The majority of the candies and toppings included in each flavor are scratch-made in their kitchens.

“For our birthday cake ice cream, we bake a cake from scratch, then use that in the ice cream. You’ll get pieces of homemade cake plus the cake flavor,” Richmond says.

Kelly Trimyer, area Duck Donuts owner, and Leslie Richmond, founder of Mama Bird’s.

The two entrepreneurs met in 2016, and started talking about a collaboration almost immediately. First came Mama Bird’s coffee & donuts flavor with donuts mixed right into the custard.

Now welcome the specialty sundaes, which Richmond and Trimyer created after sampling many flavor combinations.

“We picked flavors that are popular, and we think people will love,” says Richmond.


Sundae price: $5.25

Available: Duck Donuts locations, all summer long, flavors rotate monthly

The limited-time menu includes Chilly Churro, cinnamon sugar donut with dulce de leche ice cream; Celebration Sundae, blueberry iced donut with birthday cake ice cream; and Milk & Cookies, vanilla Oreo iced donut with chocolate cookies ‘n’ cream ice cream.

The flavors rotate monthly, and based on ice cream availability. Get prepared for a knockout salty sweet combination later in the summer: Bacon Bliss, with the signature maple bacon donut and brown sugar ice cream.

“The warm donut with the ice cream — you cannot beat that. It is truly exponentially better to put the warm donut together with that delicious cold ice cream,” says Trimyer.

Trimyer stresses that, just like each donut that comes out of Duck Donuts’ kitchens, the sundaes are completely customizable with any combination of toppings, coatings and available ice cream flavors.

Donut sundaes will be served all summer long at all three Triangle-area Duck Donuts locations, while supplies last.

“This is over the top,” says Trimyer. “But every once in a while, you’ve earned it.”

Duck Donuts
100 Wrenn Drive, Cary
(919) 468-8722
Duckdonuts.com

Mama Bird’s Cookies + Cream
304 North Main Street, Holly Springs
(919) 762-7808
Mamabirdsicecream.com

Ice Cream and Beer Flights

At Pints Ice Cream and Beer

When the screaming for ice cream has reached a fever pitch, parents and children can all find respite at Pints Ice Cream and Beer in downtown Varina, where a case filled with delicious and surprising (think rosemary and olive oil or Pepsi peanut) ice cream abuts a 10-tap bar of local beers.

“We felt that the town needed an ice cream shop. We liked the idea of being able to bring your kids and have adult fun at the same time,” says owner Robyn Morrison.

The idea to combine ice cream and beer started with owners Terrence and Robyn Morrison’s trip to the Guiness factory in Ireland on their honeymoon.

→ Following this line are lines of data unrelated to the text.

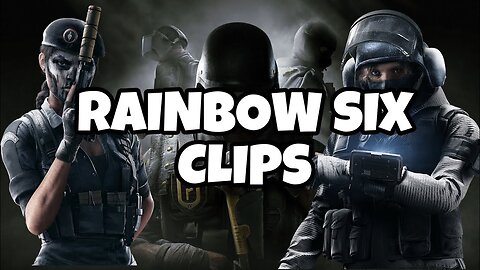 he got the luckiest kill ever! no skill required! Rainbow Six Siege Clips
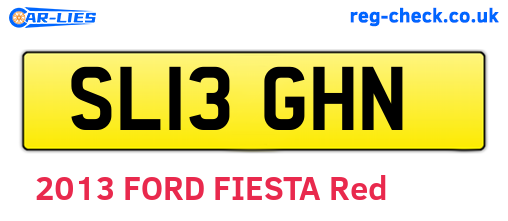 SL13GHN are the vehicle registration plates.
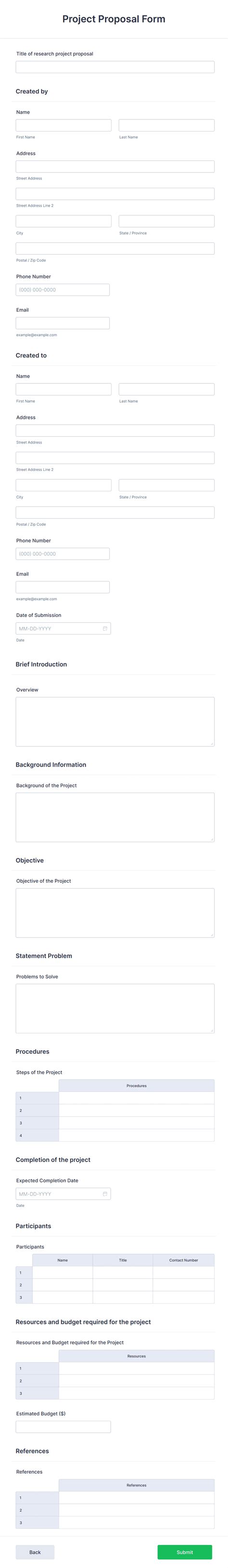 Project Proposal Form 的图像结果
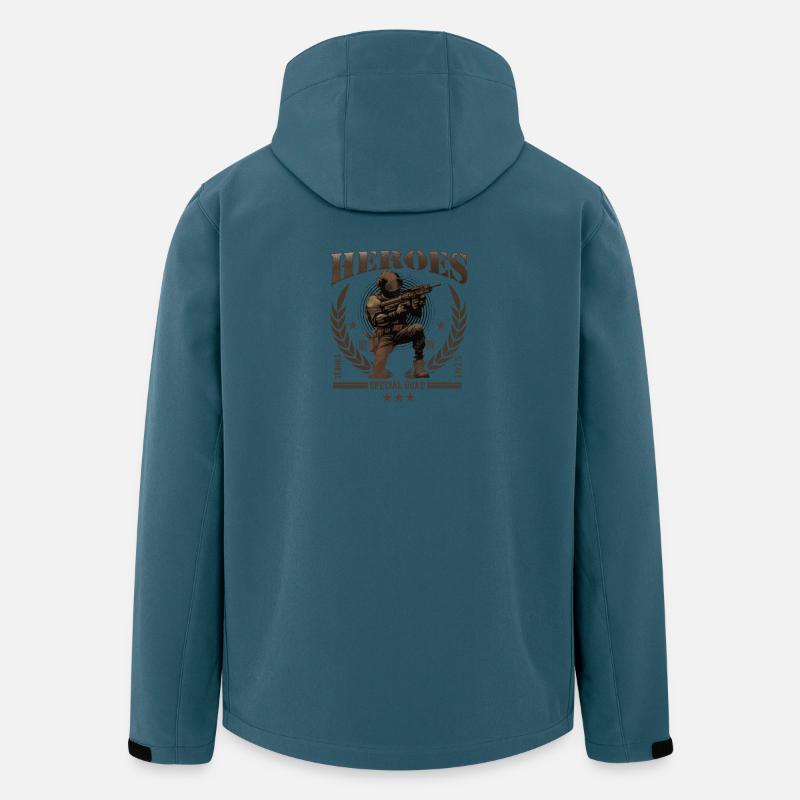 Militär, Armee, Soldat - Recycelte Männer Softshell-Jacke von Stanley/Stella - Dunkles Petrol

“They’ll put a scoop of ice cream in your beer,” says Robyn. “We started pairing ice creams with other beers, and it worked!”

Pints owners Robyn and Terrence Morrison.

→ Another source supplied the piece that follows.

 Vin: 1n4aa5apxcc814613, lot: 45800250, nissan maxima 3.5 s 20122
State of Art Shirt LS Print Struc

At Pints, you can order a beer and ice cream float, a beer and ice cream flight or a beer float flight. It may be a tongue twister, but it boils down to happiness for the whole family. The beer and ice cream flight is the perfect family-style sampler as it pairs three ice creams alongside three beers, most of which are local. Aviator, Mason Jar, Oaklyn Springs and Vicious Fishes brews make frequent appearances.

Terrence is the mastermind behind the distinctive ice cream offerings, taking inspiration from unexpected flavor pairings, new restaurants and cooking shows.


Prices: Ice cream & beer flight: $12, Boozy milkshake: $12

Available: Year round, flavors rotate monthly

“I spent eight months perfecting the base recipe and learning how to alter it,” says Terrence. “We control the whole process.”

“Once I had a bacon, apple and gouda sandwich and I thought, ‘I can translate this into an ice cream,’” he says. The resulting mascarpone, apple and bacon ice cream was proof.

Cake batter, brown sugar vanilla and rosemary and olive oil anchor the ice cream case, and specialty flavors rotate nearly every two weeks. Chocolate honey, bourbon bacon s’more and Guinness Bailey’s Lucky Charms have been crowd favorites.

Earlier this year, Pints upped the ante with boozy milkshakes, modeled after traditional cocktail recipes, and made unique by their own eclectic ice cream flavors. No family sharing allowed here folks — these are adults only.

“Irish Car Bomb is the most popular,” says Robyn. “It’s Irish whiskey, Guiness, Baileys ice cream, hot fudge and whipped cream. We make our own hot fudge and whipped cream.”

Pints Ice Cream & Beer
512 Broad Street, Fuquay-Varina
@PintsIceCream

Shaved Ice

From Sweet Southern Snoballs

“It’s like picking up snow off the ground and eating it,” says Dylan Tarpey, of the ice used at Sweet Southern SnoBalls in Holly Springs. “It just melts in your mouth.”

Ok, that’s technically true of all the frozen treats featured here, but in the case of this shaved ice it happens quickly, with complete smoothness. There’s no crunch to the ice, no crystallization. Just super fluffy, light-as-air, delicious flavored ice.

“It’s all about how you have the blade set,” Tarpey says. “As the ice melts, you adjust the blade. There is a little art behind it.”

Dylan Tarpey, manager of Sweet Southern SnoBalls.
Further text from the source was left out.